MB: Living and Writing the Early Years of Parks Canada

Document Type

Web Site

Publication Date

2012

Abstract

Mabel (MB) Williams was a file clerk when she joined the newly created Dominion Parks Branch, the precursor to Parks Canada, in 1911. Within a decade she was the agency's lead writer of promotional material, and the author of a series of guidebooks that would be the centerpiece for tourism promotion of the national parks, of the Canadian Rockies, and of Canada itself. Soon she was in charge of most of the bureau's publicity work in both print and film. But when her entire female staff was laid off early in the Depression, she resigned in solidarity. Williams spent the rest of her life struggling to make it as an author, succeeding only when she returned to the subject of parks.
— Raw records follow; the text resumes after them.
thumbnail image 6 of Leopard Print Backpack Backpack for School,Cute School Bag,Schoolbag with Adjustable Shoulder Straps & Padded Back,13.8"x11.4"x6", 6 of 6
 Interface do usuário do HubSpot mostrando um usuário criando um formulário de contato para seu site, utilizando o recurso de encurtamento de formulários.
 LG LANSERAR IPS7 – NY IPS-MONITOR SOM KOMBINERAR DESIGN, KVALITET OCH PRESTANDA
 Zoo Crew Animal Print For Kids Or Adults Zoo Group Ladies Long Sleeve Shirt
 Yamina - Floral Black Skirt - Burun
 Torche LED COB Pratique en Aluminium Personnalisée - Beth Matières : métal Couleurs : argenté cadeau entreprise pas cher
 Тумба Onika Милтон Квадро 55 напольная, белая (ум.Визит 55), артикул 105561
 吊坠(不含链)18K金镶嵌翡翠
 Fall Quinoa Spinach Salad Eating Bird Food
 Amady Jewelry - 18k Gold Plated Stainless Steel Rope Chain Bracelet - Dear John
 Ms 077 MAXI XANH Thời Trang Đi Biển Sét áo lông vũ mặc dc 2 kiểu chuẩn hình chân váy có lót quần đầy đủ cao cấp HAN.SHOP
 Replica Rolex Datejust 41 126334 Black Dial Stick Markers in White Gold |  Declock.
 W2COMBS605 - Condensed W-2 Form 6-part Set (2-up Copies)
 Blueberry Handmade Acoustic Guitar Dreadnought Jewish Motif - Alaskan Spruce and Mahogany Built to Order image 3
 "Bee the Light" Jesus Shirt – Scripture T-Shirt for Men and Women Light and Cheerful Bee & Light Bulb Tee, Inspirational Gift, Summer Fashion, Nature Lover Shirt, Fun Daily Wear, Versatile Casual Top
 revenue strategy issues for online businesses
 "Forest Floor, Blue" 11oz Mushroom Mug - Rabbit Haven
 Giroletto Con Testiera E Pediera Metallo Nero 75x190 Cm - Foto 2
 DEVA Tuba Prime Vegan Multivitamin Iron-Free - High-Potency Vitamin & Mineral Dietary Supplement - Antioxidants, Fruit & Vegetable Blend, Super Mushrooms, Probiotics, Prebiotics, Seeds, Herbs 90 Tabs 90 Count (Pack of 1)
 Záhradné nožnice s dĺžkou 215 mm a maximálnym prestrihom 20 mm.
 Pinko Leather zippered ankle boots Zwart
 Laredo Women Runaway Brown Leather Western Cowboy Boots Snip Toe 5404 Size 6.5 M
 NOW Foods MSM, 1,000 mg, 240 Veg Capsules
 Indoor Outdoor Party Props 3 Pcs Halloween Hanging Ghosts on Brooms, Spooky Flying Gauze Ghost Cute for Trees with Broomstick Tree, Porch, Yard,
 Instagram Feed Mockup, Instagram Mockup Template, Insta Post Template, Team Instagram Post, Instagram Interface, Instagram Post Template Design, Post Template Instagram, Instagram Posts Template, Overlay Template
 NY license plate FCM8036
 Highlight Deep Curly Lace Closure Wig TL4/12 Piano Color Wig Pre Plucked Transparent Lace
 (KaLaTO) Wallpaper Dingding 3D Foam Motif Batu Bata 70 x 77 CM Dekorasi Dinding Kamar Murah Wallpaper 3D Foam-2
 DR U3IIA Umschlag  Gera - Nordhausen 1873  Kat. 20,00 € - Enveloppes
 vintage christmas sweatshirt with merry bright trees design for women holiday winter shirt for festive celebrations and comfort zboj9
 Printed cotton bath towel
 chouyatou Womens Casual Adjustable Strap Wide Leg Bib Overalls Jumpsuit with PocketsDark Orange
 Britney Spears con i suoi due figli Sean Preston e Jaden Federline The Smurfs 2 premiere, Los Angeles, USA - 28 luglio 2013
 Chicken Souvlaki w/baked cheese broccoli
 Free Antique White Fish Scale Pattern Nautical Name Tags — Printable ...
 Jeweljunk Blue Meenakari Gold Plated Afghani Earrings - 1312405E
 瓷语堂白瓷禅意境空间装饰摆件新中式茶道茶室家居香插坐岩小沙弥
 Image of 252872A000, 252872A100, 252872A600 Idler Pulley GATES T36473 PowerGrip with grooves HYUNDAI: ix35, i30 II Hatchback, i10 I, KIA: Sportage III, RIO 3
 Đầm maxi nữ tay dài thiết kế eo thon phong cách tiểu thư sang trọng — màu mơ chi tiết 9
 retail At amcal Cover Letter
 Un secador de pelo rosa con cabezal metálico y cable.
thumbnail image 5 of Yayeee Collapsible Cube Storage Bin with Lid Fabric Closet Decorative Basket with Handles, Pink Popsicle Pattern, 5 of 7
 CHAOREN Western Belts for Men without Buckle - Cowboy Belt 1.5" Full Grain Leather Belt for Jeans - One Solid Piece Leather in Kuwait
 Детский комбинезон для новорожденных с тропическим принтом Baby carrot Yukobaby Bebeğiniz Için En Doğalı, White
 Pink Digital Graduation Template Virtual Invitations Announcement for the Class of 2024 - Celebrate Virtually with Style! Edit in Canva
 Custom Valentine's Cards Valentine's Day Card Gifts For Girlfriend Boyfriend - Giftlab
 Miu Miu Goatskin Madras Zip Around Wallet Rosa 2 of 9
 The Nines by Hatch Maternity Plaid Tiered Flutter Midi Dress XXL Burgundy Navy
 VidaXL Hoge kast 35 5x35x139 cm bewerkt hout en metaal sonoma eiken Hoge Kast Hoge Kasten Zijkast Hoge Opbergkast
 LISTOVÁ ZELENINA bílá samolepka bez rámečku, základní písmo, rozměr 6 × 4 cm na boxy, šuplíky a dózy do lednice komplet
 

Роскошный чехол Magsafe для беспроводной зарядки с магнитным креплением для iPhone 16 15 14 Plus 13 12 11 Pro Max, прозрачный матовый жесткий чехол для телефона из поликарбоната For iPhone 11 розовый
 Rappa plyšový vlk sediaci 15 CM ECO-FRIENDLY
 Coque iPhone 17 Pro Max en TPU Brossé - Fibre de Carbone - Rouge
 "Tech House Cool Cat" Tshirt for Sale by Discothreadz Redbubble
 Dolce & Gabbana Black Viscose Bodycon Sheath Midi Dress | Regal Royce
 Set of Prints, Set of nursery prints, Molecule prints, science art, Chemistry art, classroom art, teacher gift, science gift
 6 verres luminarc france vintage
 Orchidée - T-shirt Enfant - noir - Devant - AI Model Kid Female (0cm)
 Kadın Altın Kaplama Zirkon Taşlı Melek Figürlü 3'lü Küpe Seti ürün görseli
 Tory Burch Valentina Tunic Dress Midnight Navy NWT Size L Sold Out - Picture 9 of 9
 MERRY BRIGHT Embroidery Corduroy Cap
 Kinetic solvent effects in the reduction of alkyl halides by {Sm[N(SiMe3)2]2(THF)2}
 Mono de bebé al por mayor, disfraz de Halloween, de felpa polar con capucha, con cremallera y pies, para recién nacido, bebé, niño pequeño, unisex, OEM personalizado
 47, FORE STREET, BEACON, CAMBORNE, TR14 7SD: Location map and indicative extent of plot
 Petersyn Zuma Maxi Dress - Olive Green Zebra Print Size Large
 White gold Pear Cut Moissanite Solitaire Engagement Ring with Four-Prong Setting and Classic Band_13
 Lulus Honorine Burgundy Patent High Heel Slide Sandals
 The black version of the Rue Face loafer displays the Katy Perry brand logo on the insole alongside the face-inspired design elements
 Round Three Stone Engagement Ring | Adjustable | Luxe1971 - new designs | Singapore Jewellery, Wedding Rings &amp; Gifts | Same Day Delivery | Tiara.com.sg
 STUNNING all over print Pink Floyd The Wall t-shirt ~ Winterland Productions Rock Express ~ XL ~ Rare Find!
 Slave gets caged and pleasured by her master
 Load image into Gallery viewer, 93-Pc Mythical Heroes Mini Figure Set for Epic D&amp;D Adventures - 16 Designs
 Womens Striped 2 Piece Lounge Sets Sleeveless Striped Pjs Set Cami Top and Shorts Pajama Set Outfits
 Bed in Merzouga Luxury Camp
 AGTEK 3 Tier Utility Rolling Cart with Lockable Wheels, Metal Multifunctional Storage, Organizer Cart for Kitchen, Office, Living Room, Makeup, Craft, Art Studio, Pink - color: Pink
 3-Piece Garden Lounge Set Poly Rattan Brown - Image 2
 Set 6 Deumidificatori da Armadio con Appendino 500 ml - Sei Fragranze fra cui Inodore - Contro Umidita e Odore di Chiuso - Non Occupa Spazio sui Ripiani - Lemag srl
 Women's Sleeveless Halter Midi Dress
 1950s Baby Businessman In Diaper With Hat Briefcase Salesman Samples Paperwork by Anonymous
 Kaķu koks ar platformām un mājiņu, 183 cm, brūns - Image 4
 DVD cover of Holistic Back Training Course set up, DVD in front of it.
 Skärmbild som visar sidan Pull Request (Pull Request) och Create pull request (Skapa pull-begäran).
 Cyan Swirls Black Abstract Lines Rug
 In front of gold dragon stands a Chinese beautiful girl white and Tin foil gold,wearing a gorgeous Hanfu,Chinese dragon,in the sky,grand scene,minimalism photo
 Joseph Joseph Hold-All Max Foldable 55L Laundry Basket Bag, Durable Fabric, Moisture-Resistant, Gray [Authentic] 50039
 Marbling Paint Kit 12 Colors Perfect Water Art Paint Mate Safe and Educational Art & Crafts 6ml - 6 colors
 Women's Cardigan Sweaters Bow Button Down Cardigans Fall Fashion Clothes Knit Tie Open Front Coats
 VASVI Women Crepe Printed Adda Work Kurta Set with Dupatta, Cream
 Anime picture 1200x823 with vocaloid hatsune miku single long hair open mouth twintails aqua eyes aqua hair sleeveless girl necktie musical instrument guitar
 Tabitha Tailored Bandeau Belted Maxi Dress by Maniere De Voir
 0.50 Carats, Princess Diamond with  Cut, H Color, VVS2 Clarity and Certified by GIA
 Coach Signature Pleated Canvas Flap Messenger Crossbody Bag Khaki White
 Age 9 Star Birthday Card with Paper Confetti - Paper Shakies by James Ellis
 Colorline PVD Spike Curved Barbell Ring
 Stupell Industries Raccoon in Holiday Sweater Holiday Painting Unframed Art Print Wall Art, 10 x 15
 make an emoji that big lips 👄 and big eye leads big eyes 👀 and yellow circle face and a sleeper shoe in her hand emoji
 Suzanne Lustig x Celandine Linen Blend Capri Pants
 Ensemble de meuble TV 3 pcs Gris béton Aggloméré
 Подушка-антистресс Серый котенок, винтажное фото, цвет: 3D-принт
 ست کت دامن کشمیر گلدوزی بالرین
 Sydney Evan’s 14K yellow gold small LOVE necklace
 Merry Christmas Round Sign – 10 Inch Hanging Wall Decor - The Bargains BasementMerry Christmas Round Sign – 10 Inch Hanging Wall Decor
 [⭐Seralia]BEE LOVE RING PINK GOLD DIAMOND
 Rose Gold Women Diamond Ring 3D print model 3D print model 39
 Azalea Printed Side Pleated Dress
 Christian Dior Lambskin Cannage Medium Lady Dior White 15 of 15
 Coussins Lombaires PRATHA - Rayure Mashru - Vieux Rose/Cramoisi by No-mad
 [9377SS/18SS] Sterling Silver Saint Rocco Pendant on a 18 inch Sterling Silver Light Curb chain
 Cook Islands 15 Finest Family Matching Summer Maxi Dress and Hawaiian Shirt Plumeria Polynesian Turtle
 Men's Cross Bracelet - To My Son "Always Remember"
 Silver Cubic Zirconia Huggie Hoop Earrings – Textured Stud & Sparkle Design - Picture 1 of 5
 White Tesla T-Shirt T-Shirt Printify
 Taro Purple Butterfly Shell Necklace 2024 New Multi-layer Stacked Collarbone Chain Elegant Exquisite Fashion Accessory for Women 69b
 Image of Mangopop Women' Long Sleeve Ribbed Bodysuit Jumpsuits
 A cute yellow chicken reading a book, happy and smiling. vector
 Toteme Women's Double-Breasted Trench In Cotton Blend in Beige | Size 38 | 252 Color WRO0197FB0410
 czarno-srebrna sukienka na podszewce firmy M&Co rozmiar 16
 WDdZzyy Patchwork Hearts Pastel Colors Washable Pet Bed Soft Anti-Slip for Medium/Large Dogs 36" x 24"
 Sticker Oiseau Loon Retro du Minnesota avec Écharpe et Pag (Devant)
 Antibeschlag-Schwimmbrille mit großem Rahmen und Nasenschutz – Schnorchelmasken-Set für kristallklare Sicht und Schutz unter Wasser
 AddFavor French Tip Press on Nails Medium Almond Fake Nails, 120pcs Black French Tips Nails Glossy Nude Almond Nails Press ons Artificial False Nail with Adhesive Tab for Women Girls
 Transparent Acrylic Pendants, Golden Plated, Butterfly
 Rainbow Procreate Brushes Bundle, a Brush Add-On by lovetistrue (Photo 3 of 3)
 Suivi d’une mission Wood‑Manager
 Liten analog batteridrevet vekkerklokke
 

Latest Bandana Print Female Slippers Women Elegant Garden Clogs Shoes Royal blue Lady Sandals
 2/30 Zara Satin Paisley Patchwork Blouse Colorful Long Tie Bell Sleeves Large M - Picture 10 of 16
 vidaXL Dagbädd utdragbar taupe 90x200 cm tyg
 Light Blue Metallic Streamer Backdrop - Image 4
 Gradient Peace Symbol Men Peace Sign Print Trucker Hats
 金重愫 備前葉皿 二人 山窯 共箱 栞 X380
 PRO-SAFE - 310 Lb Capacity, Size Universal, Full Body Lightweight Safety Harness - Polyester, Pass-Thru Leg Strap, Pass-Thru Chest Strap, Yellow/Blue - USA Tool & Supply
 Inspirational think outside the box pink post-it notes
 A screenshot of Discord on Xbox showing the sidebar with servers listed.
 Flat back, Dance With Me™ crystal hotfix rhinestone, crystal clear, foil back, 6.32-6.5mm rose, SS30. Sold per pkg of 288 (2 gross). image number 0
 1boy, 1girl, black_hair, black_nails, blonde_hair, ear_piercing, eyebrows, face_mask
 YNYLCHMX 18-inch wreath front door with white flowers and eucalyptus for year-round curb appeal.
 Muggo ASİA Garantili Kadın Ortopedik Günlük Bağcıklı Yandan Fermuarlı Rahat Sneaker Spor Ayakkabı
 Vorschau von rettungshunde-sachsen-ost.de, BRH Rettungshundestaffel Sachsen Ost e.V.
MB: Living and Writing the Early Years of Parks Canada is an archive and exhibit that tells the story of an extraordinary, ordinary Canadian. In doing so, it deepens our understanding of a defining era in Canada's environmental history - offering insights, for example, about the development of the national park system and about the life of Grey Owl. What anchors the site is an unusually rich and varied collection of sources from MB's life: more than 30 personal letters, recently archived and as yet little used by historians; 9 published guidebooks, long out-of-print; and an oral interview from 1969, never before heard.